§ **DESCRIPTION OF THE TASK**: Could you transcribe exactly the lines below, from the line with "Christoph Duwe : Inselmusik (CD, Album)" through the line with "Robe de mariée manche longue 2019", and nothing else, leaving out the pictures?

§ **EXERCISE DATA**:

• • •

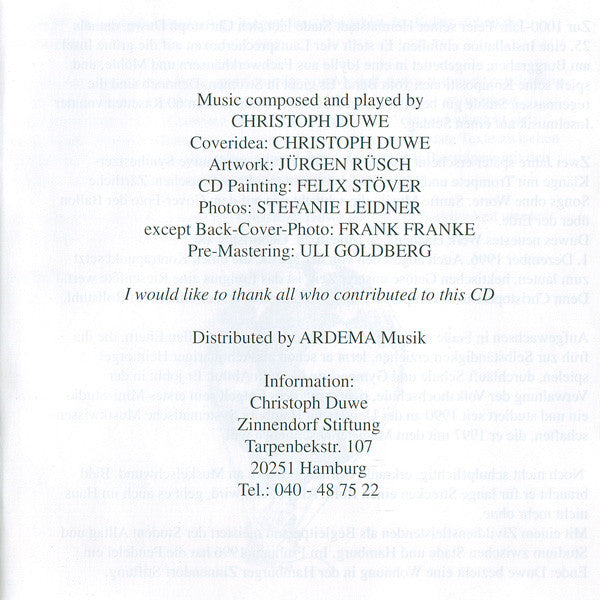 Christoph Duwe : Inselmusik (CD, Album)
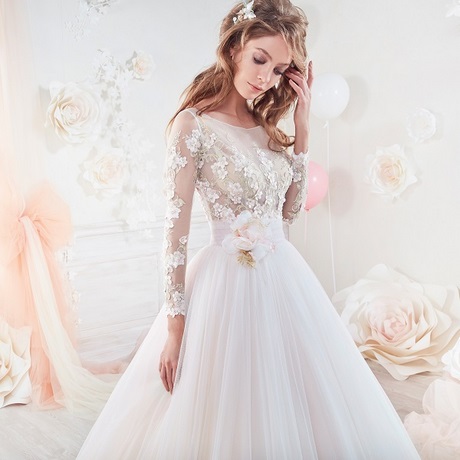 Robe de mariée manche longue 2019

• • •

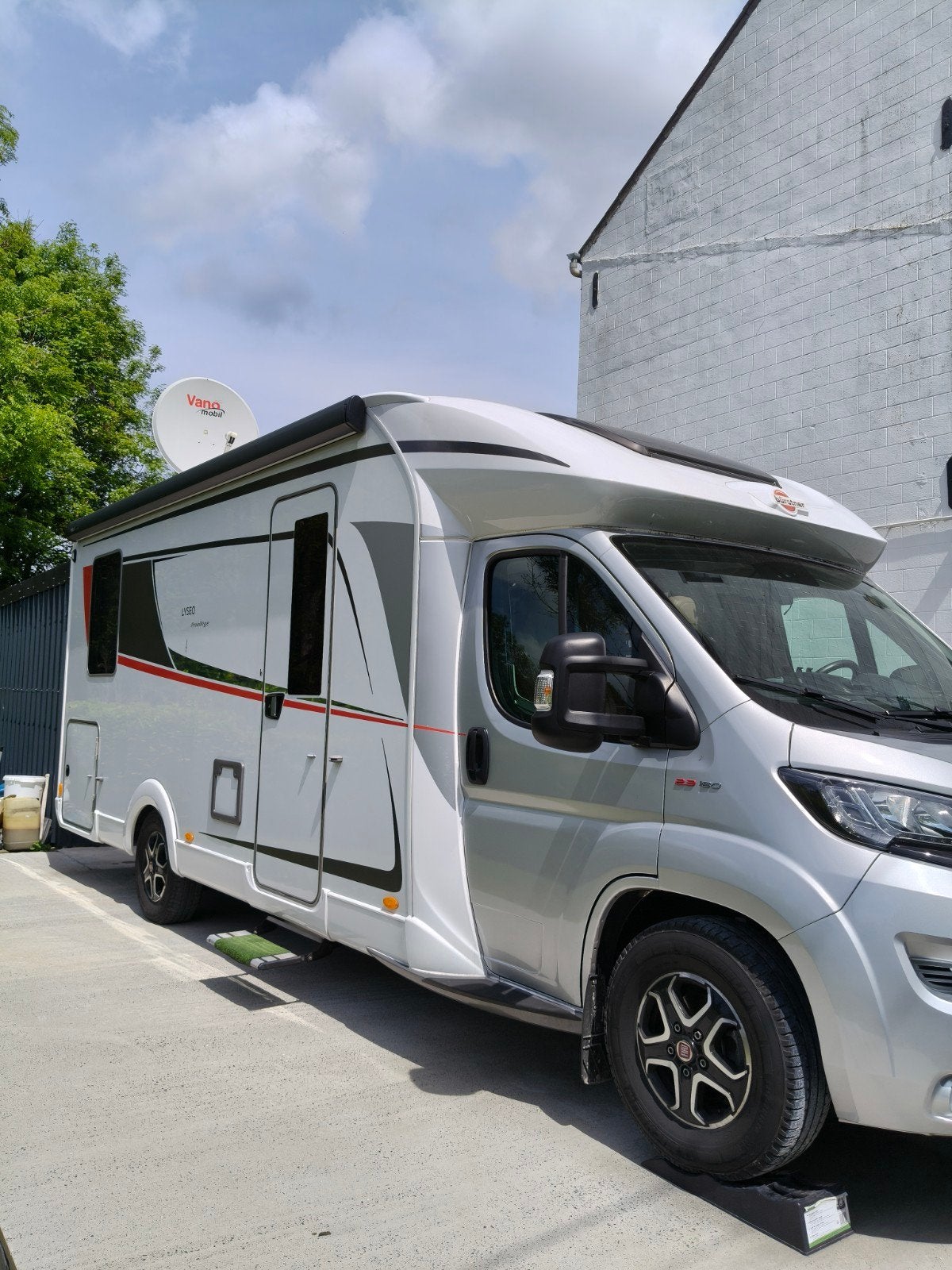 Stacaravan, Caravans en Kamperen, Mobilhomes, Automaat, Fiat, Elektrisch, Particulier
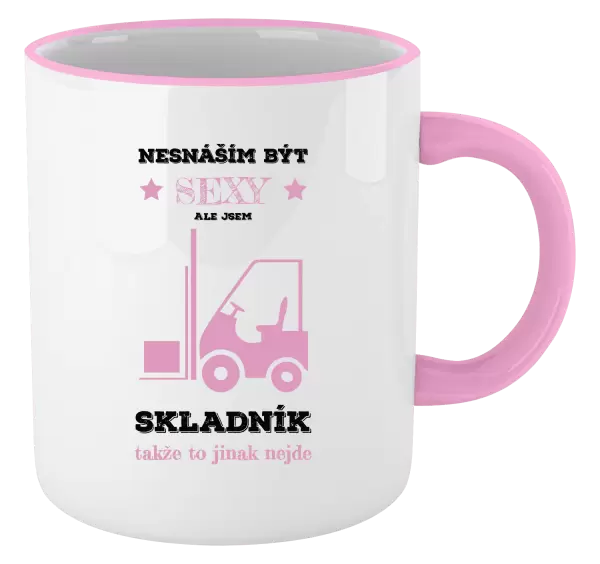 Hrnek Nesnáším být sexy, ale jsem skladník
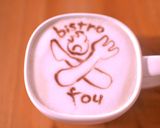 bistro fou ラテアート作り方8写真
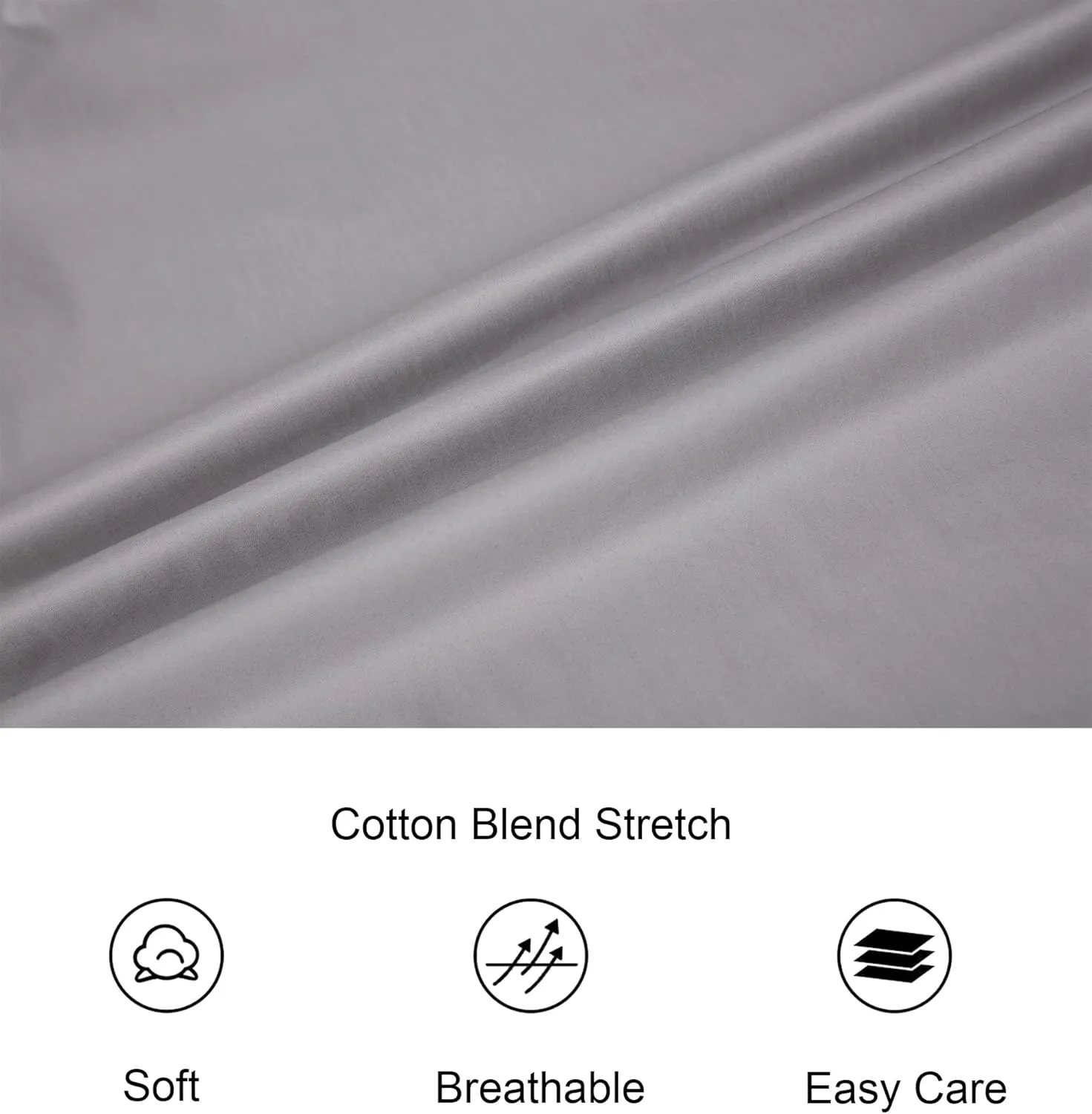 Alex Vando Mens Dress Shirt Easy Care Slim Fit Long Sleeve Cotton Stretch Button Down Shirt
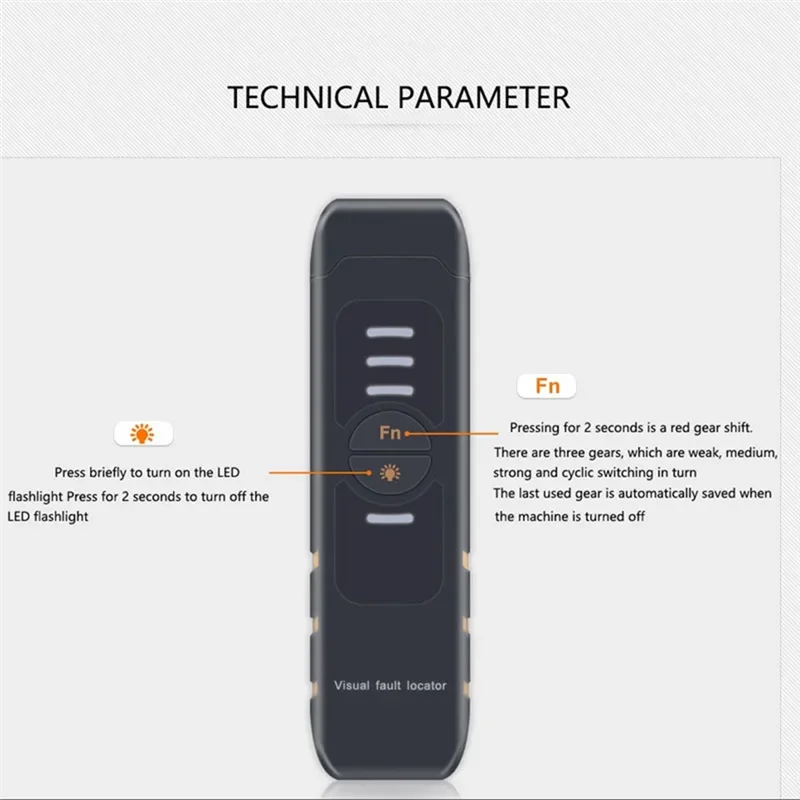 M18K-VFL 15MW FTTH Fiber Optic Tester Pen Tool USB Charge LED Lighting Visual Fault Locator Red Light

• • •

§ **RESULT OF THE EXERCISE**:
 Christoph Duwe : Inselmusik (CD, Album)
 Robe de mariée manche longue 2019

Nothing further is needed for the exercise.